I made two small changes to the recipe.
The first is I don't like frozen veggies so I opted to not include them. Now having had it, I think sautéing up some fresh veggies would do a good lot better than frozen.
The second was I added 1 tsp of Sriracha - I'm starting to like spice.
It had flavor and was easy to pull together.
Beef Chow Mein
Recipe from Chelseasmessyapron.com
Serves 4
1 package (10 to 11 ounces) frozen stirfry vegetables
1/2 pound (8 ounces) flank steak thinly sliced against the grain
2 c green cabbage cut in small shreds
1 1/2 tsp garlic cloves minced (~2 large cloves)
2 tsp fresh ginger minced (~1-inch piece)
1/4 c green onions ~3 onions
1 1/2 T vegetable oil
1 package (6 ounces) chow mein noodles
1/2 T cornstarch
1 1/2 T lite soy sauce
1 1/2 T oyster sauce
1/3 c beef stock
1 T brown sugar lightly measured, do not pack!
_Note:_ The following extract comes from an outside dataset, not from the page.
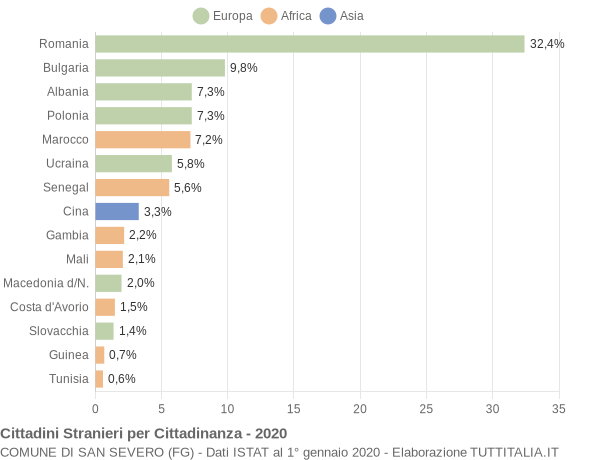 Grafico cittadinanza stranieri - San Severo 2020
1/2 tsp toasted (or plain) sesame oil
Freshly cracked pepper
Optional: toasted sesame seeds
SAUCE PREP: Whisk the cornstarch and soy sauce with a fork until completely smooth. Stir in the oyster sauce, beef stock, brown sugar, and sesame oil. Add pepper to taste. (I add about 1/2 teaspoon.) Whisk until smooth. Reserve for later.
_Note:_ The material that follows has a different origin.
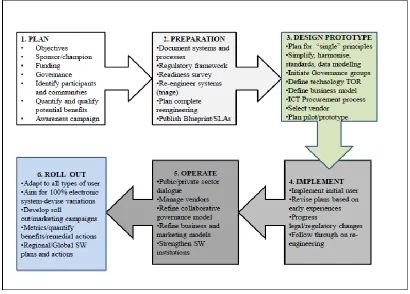 Figure 10: Single Window Life Cycle Source (ESCWA, 2011)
BEEF PREP: Thinly slice the beef (1/4 inch thick) against the grain. Slice long strips into 2-3 smaller pieces. Place in a bowl and add 1 and 1/2 tablespoons of the sauce Cover and marinate for 15 minutes to an hour. Pat dry with a paper towel and it's ready for this recipe!
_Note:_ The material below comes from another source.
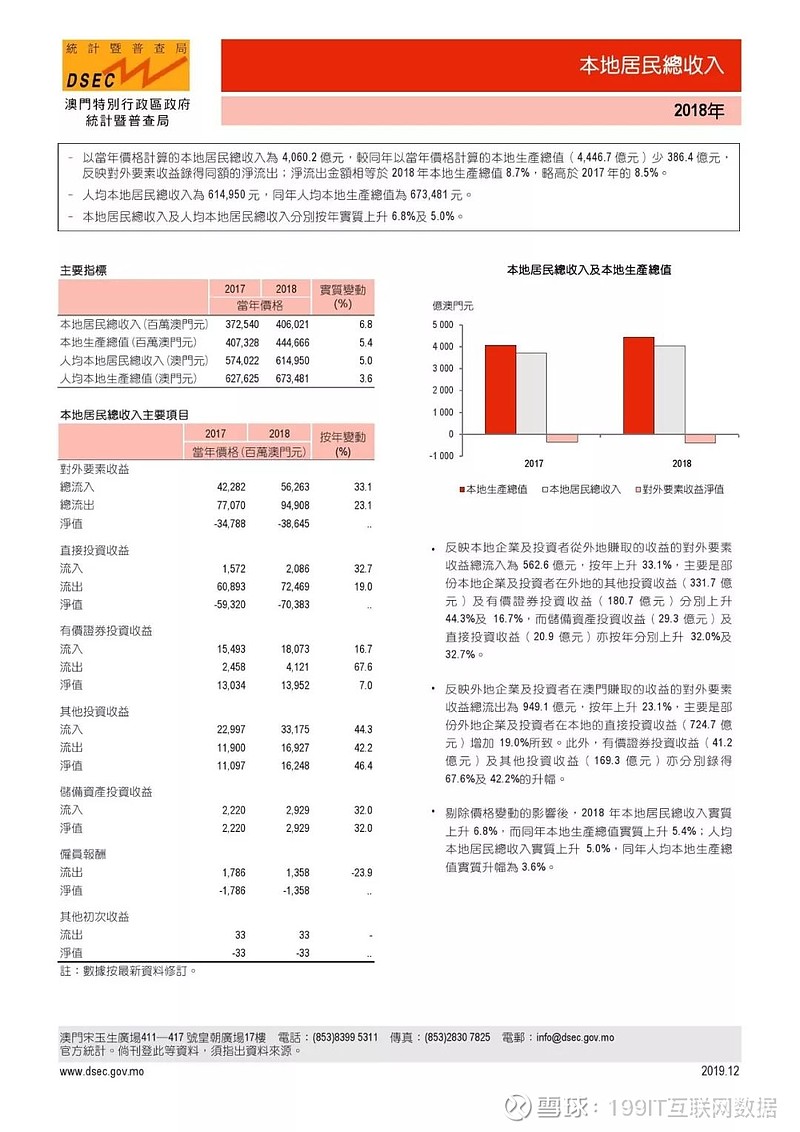 澳门正版资料全年免费公开精准资料一,统计评估解析说明_标配版42.989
VEGGIE PREP: prepare the ingredients in advance because the cooking goes fast! Finely shred the cabbage, coarsely mince the ginger and garlic (don't want too fine of a mince or they burn; don't use jarred/tube ginger or garlic). Thinly slice the green onions to separate the white root from the green. You should get about 1/4 cup thinly sliced white roots. Reserve the thinly sliced green part for later.
NOODLES: Follow package directions to prepare the chow mein noodles. Rinse in cold water and set aside.
COOK: Add the frozen veggies (unthawed and don't add liquid) to a large nonstick skillet. Put the heat on high and, stirring frequently, cook until mostly thawed, about 5 minutes (add vegetable oil if sticking/needed).
Transfer to a plate.
Add 1 and 1/2 tablespoons vegetable oil to the same skillet and keep over high heat. Add the white roots of the onion for a minute or two and then add in the garlic and ginger. Be very careful to make sure neither burn -- only cook for about 10-20 seconds.
Add the beef (patted dry from the marinade) and stir constantly for about 1 minute or until both sides are lightly browned (but not cooked through).
Add the cabbage right on top. Stir near constantly until cabbage is wilted, about 1-2 minutes.
Add the vegetables that were set aside back in to the pan.
Add in the cooked noodles and the sauce mixture. Toss with tongs for 1 minute. Add in the thinly sliced tops of the green onions.
Enjoy immediately with toasted sesame seeds if desired.